Small Claims Decisions

Decision Information

Decision Content

Date Issued: March 2, 2021

File: SC-2020-007093

Type: Small Claims

 

Civil Resolution Tribunal

Indexed as: Kenyon v. Lubert, 2021 BCCRT 242

Between:

DARRYL KENYON (Doing Business As DEVIL DRAG MOTORSPORT RENTALS)

Applicant

And:

KEVIN LUBERT

Respondent

REASONS FOR DECISION

Tribunal Member:

Richard McAndrew

INTRODUCTION

1.      The applicant, Darryl Kenyon, operates a boat rental business called Devil Drag Motorsport Rentals. The respondent, Kevin Lubert, rented a 2018 Heyday WT-2 Sportboat (boat). Mr. Kenyon says Mr. Lubert damaged the boat and lost a seat cushion. Mr. Kenyon also says he is entitled to contractual compensation for loss of use of the boat while it was repaired. Mr. Kenyon claims total damages of $2,825.

2.      Mr. Lubert admits damaging the boat and losing the seat cushion and he accepts responsibility for these losses. However, Mr. Lubert says that Mr. Kenyon claims excessive damages.

3.      Both parties are self-represented.

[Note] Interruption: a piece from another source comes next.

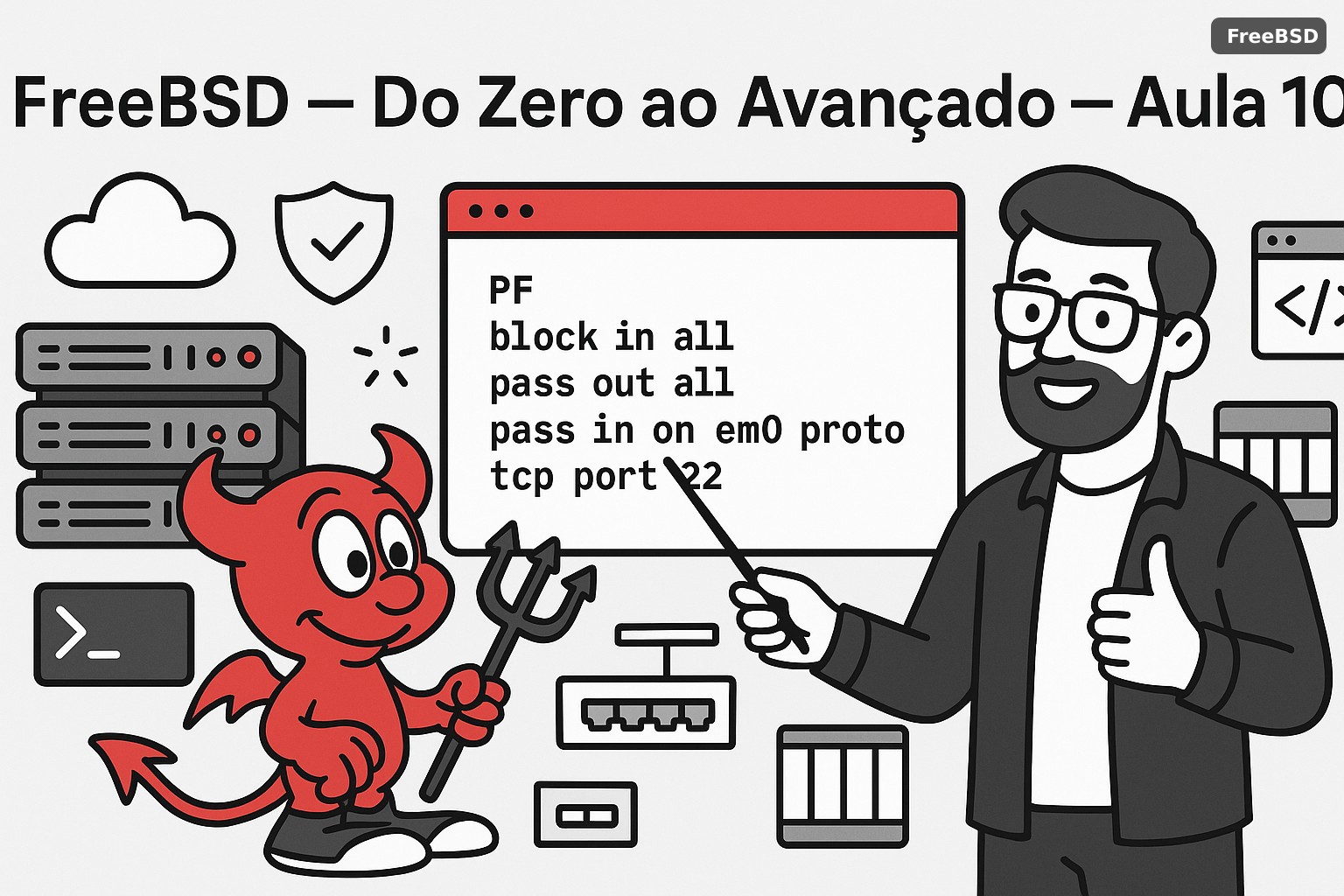 Aula 10: Redes no FreeBSD — configuração completa de interfaces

JURISDICTION AND PROCEDURE

4.      These are the formal written reasons of the Civil Resolution Tribunal (CRT). The CRT has jurisdiction over small claims brought under section 118 of the Civil Resolution Tribunal Act (CRTA). Section 2 of the CRTA states that the CRT’s mandate is to provide dispute resolution services accessibly, quickly, economically, informally, and flexibly. In resolving disputes, the CRT must apply principles of law and fairness, and recognize any relationships between the dispute’s parties that will likely continue after the CRT process has ended.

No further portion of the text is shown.